- The Washington Times - Sunday, April 13, 2008

The arrival of Pope Benedict XVI to the District has sparked much enthusiasm among Catholics, but the event also is being closely followed by members of other religious faiths.

“I think it’s good that the pontiff comes and brings a message of unity,” said David Taylor, 50, and a member of St. Paul’s United Methodist Church in Kensington. “There seems to be a spirit of looking at what we have in common.”

Anne Garrett, a St. Paul’s choir soprano, and brother Gene, of Hagerstown, Md., have a special interest in the papal visit as well as the hierarchy of religion.

Thomas John Claggett, a great-grandfather in their family, was the first Episcopal bishop to be consecrated in the United States. Claggett was consecrated in the late 1700s, and his remains are now in the Bethlehem Chapel of the Washington National Cathedral.

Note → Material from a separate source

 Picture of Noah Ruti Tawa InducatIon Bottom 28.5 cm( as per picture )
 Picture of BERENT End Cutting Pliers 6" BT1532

“We’re very happy for the Catholics,” Miss Garrett said.

Beyond the excitement, the 81-year-old pope’s visit to the District and New York City also is being treated with reverence and concern.

“I think there are too many issues at the moment,” said Odette Blelock, a Catholic from Rockville. “It is dangerous for people like him to be traveling to foreign countries.”

At St. Peter’s Roman Catholic Church on Capitol Hill, the Rev. William Byrne recently led the congregation in a prayer for the pope and his visit.

“Pope Benedict, with his presence here, is a representation of the strength of the church,” said Sister Deirdre Byrne, 50, who frequently comes to Sunday Mass at the church with three other nuns from the Little Workers of the Sacred Hearts Mission in Northeast to support Mr. Byrne, Sister Deirdre’s youngest brother.

Sister Licia, 74, has been a nun for 55 years. She said that before Pope Benedict was elected “something in my heart knew he would be.”

“It’s wonderful that he’s coming,” she added.

Sister Rita, a 49-year-old from North Wales, said she is excited to attend the papal Mass with Sister Deirdre and the three others.

“It’s necessary for Americans to see the authority of the church,” she said.

Hwai-Tai Lam sings in the choir at St. Peter’s. Although she was not selected for the choir that will sing at the Mass at Nationals Park, she said the pope coming to the District is “an honor and a blessing” for the city.

Sister Maria Theotokos teaches philosophy, theology and history courses to nuns at Servants of the Lord and the Virgin of Matara, in Southeast. The 30-year-old was living in Rome when Cardinal Joseph Ratzinger was elected Pope Benedict XVI. She said she’s excited and blessed “to receive him as a Catholic and as an American.”